## Work instructions
As the answer, give a copy of each line below that includes the word "Chrome".

## Data to process
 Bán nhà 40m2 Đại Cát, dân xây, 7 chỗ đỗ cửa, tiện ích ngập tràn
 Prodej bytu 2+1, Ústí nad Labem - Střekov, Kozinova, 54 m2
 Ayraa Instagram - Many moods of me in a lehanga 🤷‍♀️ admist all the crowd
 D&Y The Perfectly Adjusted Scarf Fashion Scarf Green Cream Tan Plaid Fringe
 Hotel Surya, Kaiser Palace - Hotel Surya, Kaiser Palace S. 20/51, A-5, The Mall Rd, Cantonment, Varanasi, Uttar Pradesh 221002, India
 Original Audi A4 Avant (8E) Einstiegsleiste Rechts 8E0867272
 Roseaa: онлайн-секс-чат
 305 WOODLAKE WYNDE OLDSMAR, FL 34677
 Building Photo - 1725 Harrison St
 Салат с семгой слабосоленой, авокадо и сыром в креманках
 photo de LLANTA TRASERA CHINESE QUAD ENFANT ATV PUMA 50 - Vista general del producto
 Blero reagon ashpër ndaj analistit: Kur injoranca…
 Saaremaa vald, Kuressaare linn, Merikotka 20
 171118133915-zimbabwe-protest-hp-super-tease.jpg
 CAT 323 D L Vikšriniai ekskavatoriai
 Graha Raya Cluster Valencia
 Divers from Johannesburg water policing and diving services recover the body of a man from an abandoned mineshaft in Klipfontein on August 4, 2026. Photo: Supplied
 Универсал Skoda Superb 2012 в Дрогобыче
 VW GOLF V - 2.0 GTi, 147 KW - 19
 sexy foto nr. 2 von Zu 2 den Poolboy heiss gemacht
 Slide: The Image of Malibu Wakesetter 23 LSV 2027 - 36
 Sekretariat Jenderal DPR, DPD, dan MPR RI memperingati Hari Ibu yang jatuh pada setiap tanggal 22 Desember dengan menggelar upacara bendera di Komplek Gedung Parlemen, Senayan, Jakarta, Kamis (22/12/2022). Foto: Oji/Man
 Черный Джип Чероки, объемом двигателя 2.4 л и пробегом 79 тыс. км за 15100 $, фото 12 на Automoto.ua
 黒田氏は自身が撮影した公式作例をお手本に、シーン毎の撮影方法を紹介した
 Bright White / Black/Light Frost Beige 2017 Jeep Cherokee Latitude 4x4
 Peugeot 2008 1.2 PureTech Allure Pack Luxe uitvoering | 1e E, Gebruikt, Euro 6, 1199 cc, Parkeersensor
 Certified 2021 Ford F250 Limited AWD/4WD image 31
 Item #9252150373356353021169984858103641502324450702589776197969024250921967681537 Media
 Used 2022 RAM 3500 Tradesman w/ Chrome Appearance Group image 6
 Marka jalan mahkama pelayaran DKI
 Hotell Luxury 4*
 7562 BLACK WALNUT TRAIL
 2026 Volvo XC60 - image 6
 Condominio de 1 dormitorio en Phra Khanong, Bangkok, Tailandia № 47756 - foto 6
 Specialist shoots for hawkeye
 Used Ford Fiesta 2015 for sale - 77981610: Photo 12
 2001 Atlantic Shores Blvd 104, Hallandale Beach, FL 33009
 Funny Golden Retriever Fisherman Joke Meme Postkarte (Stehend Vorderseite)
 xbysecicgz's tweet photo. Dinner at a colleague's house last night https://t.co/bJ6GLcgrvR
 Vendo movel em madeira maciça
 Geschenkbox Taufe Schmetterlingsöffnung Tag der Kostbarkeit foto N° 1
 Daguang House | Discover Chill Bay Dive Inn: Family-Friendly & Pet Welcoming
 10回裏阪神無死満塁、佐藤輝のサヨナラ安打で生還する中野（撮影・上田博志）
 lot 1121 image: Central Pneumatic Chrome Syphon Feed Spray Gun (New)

## Response to the task
 Used 2022 RAM 3500 Tradesman w/ Chrome Appearance Group image 6
 lot 1121 image: Central Pneumatic Chrome Syphon Feed Spray Gun (New)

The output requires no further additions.